WORK TASK: For this exercise, return only the lines in the records below from the one holding "Property photo 3" through the one holding "14k Yellow Gold Pink Zircon Ring", including both, exactly as they appear and without pictures.

PROVIDED RECORDS:
╭──

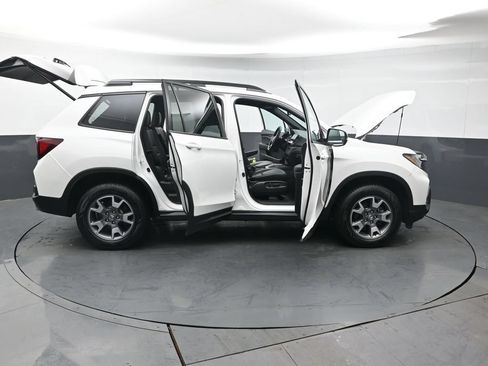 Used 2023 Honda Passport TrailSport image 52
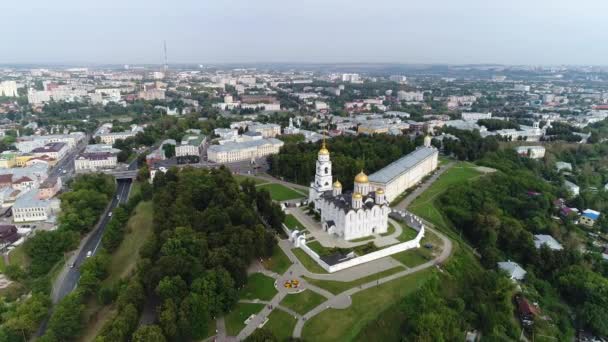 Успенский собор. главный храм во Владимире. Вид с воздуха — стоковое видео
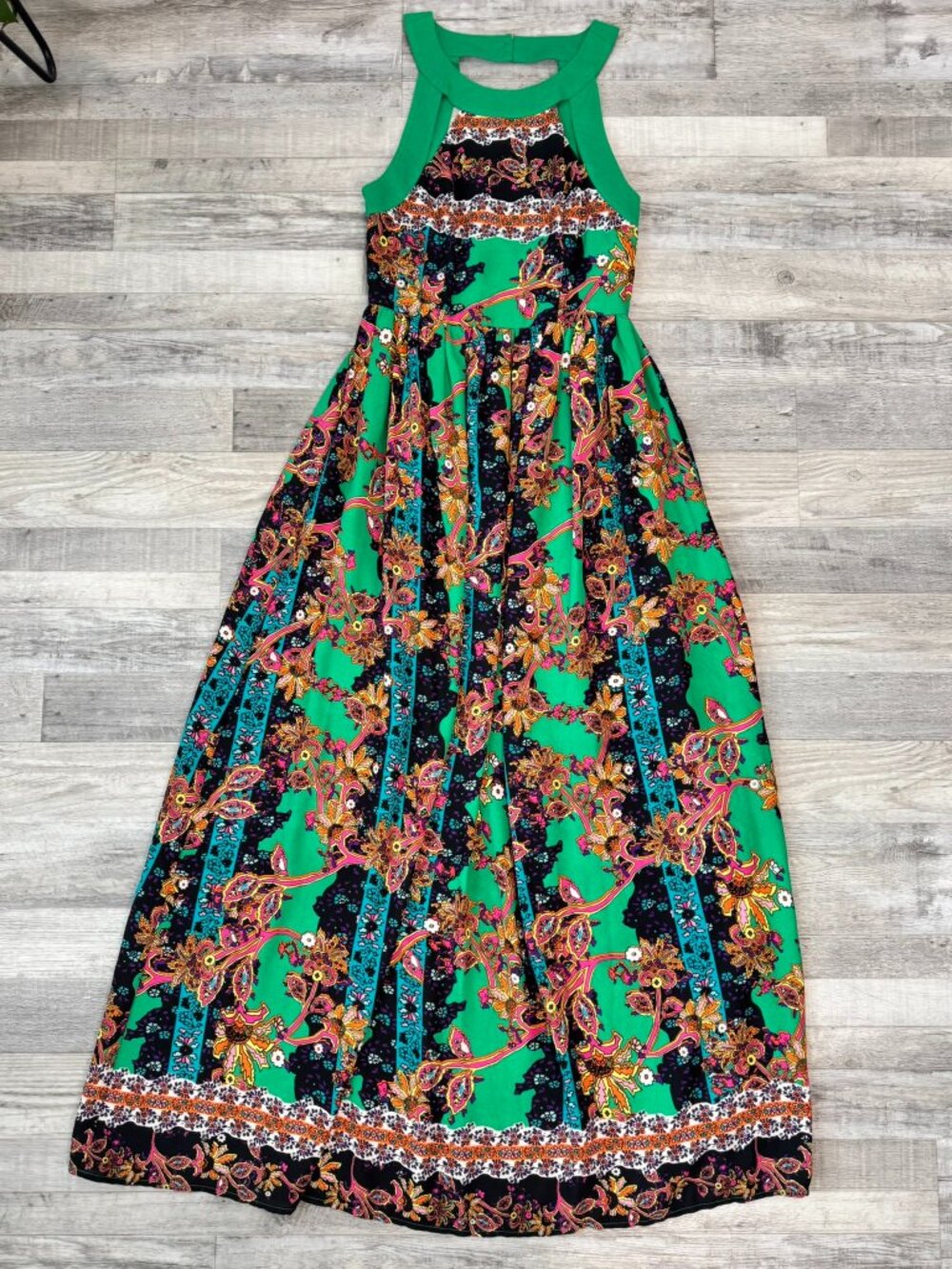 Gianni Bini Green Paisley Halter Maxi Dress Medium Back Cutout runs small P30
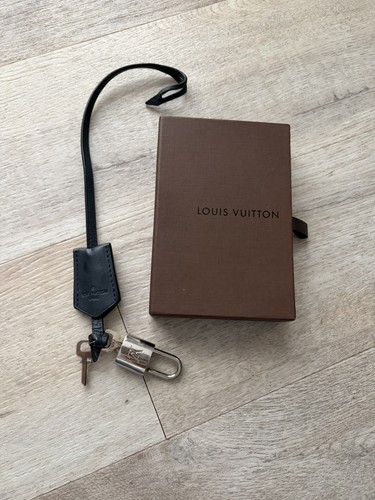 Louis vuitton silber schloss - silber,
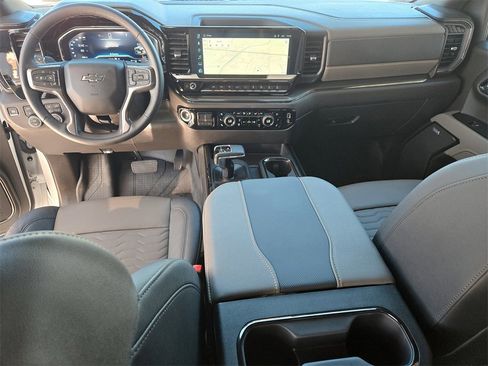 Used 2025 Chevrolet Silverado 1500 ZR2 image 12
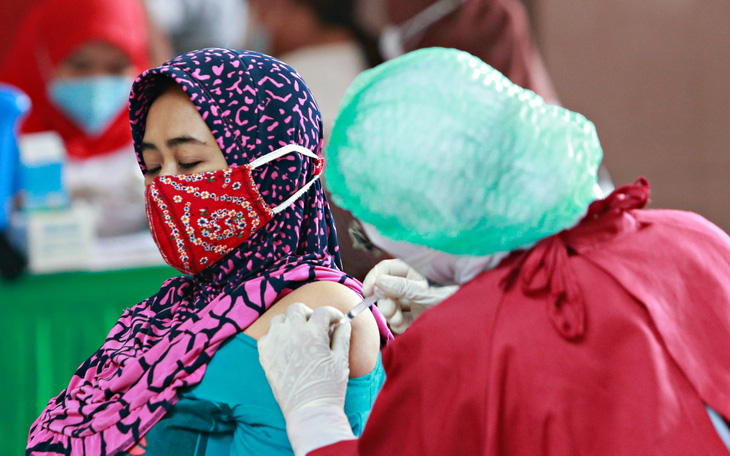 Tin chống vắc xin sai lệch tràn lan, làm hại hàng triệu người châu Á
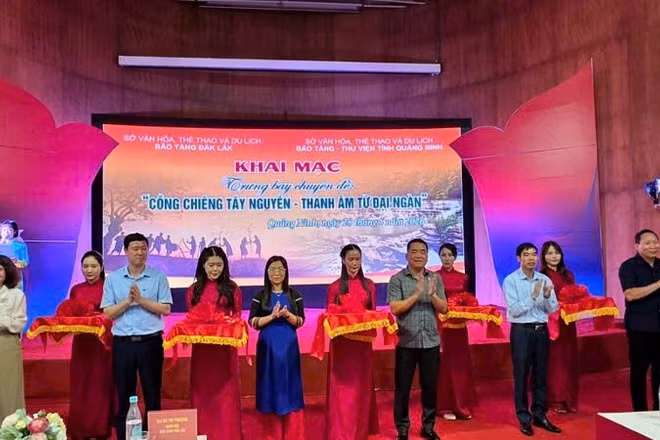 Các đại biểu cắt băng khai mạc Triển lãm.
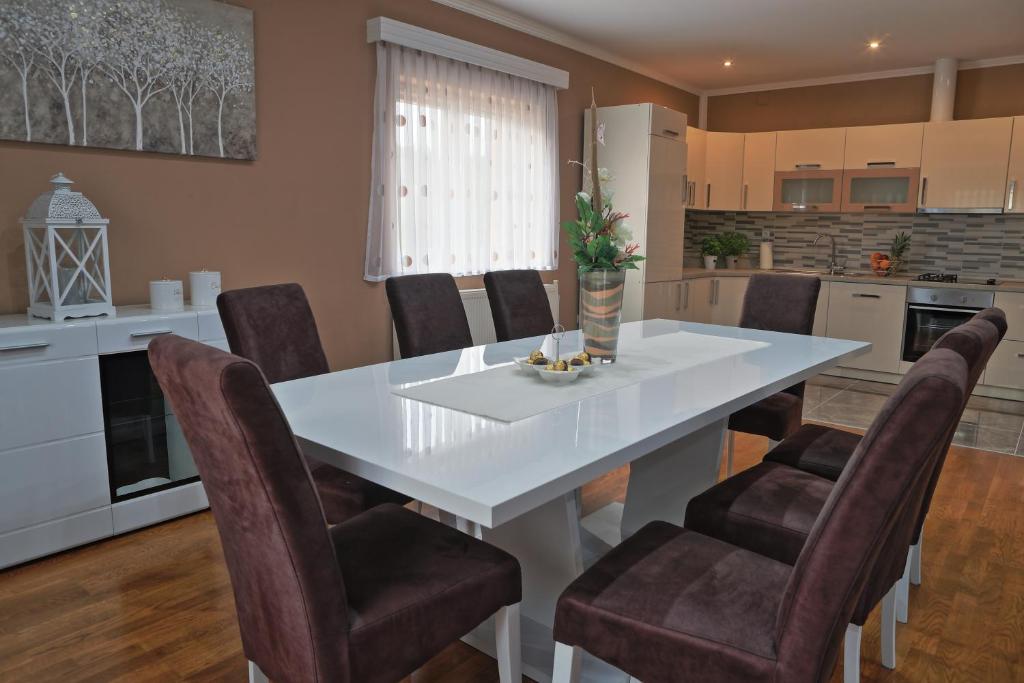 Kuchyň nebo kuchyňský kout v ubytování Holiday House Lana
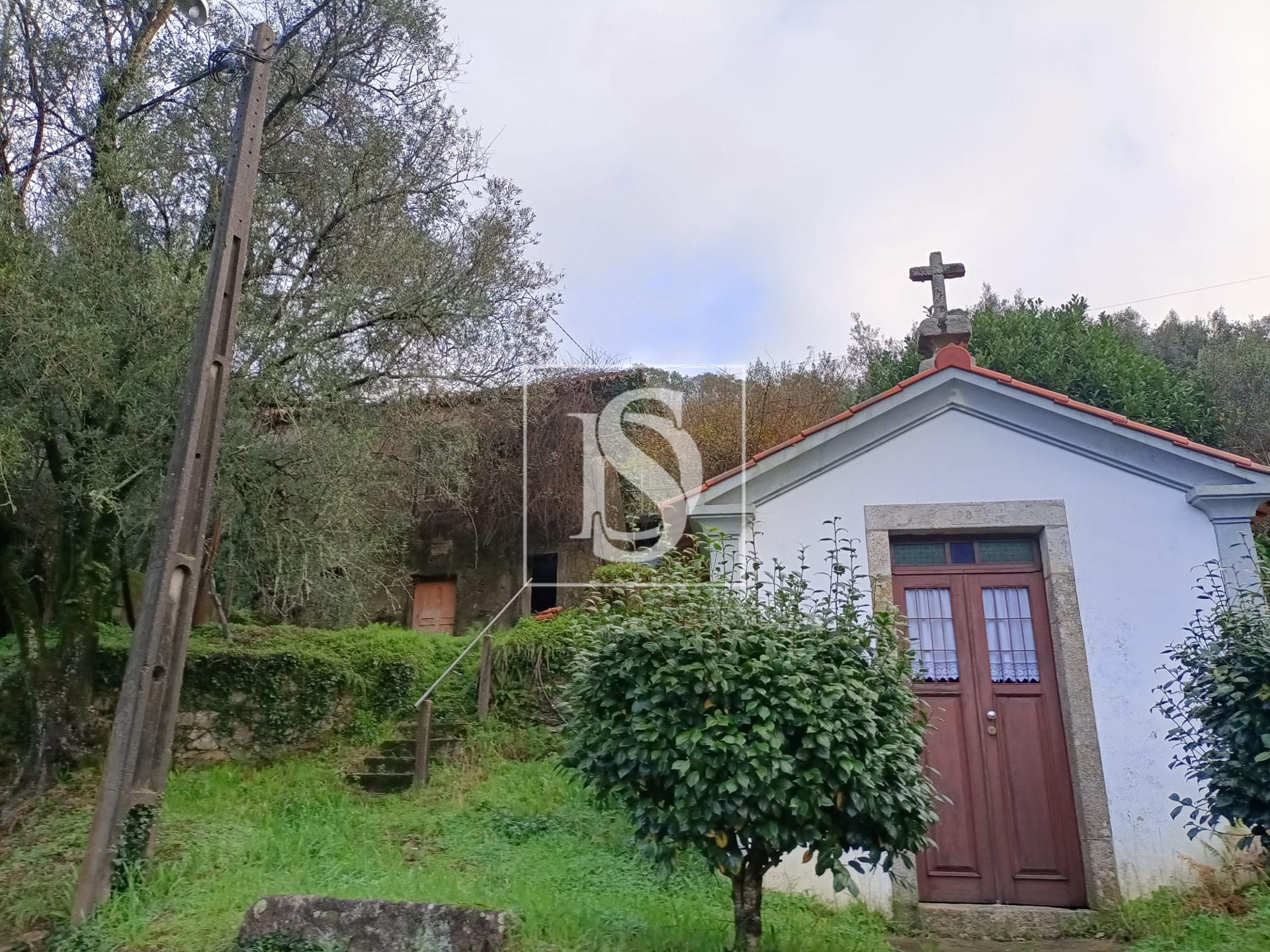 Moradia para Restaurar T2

╰──
╭──

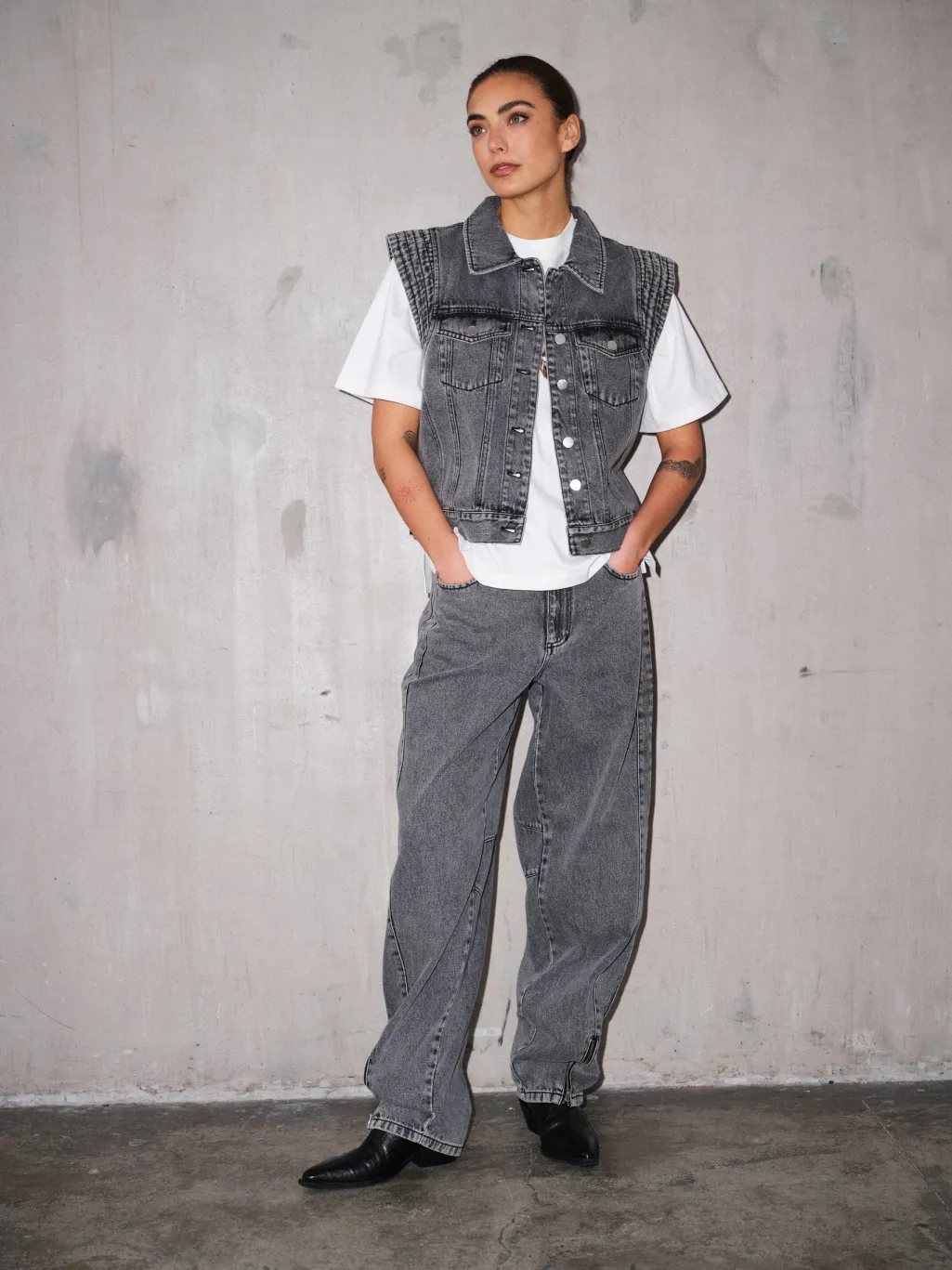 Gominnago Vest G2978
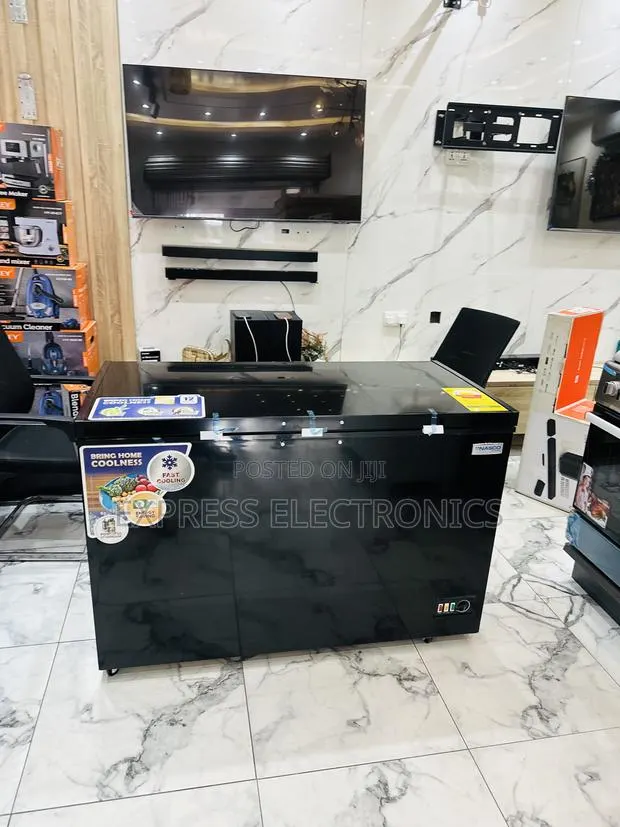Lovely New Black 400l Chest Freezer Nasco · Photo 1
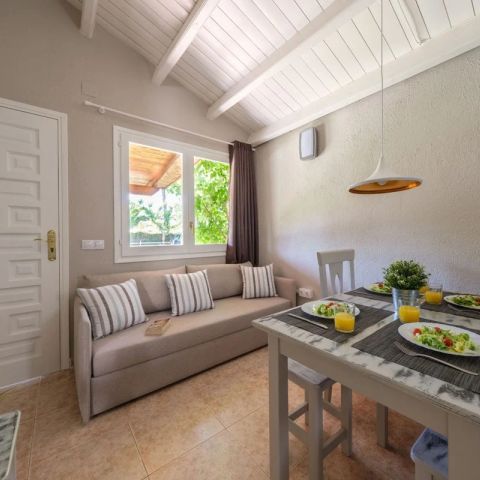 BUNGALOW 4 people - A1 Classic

╰──
╭──

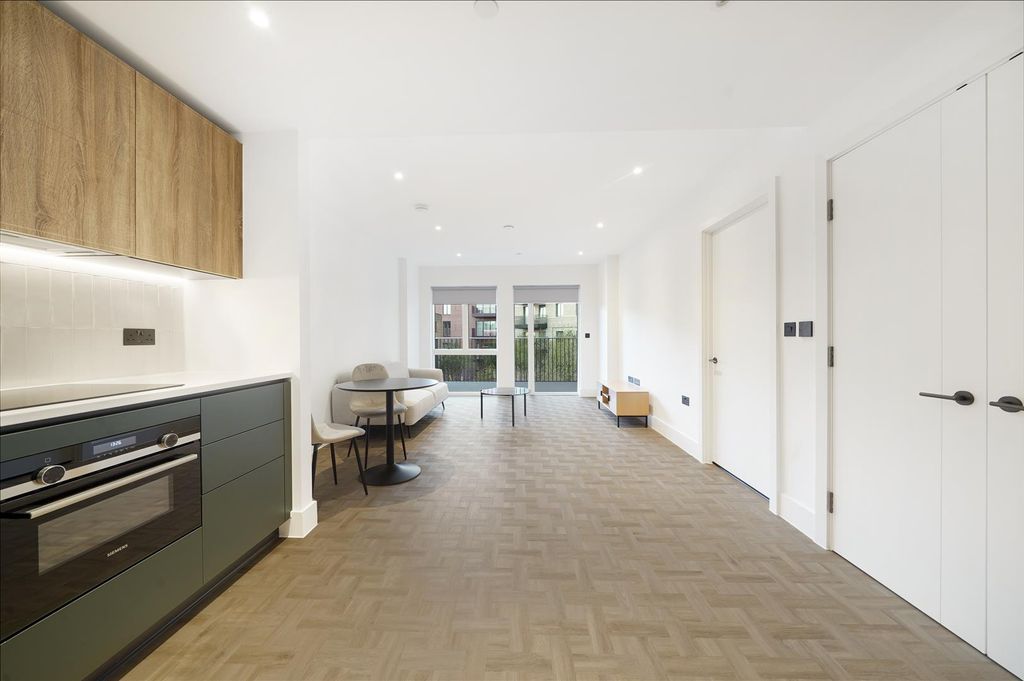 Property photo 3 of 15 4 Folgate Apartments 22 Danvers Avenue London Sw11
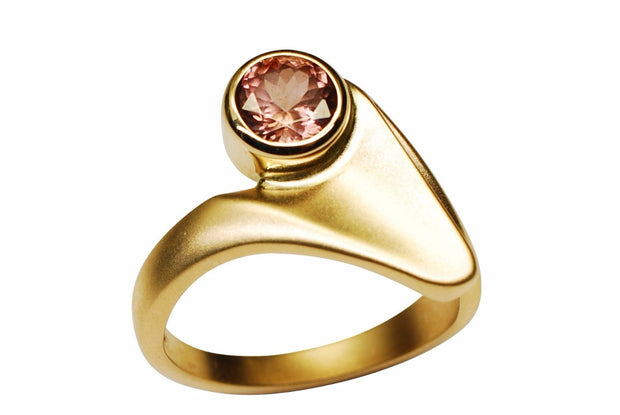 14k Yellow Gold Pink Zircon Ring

╰──

COMPLETED EXERCISE:
 Property photo 3 of 15 4 Folgate Apartments 22 Danvers Avenue London Sw11
 14k Yellow Gold Pink Zircon Ring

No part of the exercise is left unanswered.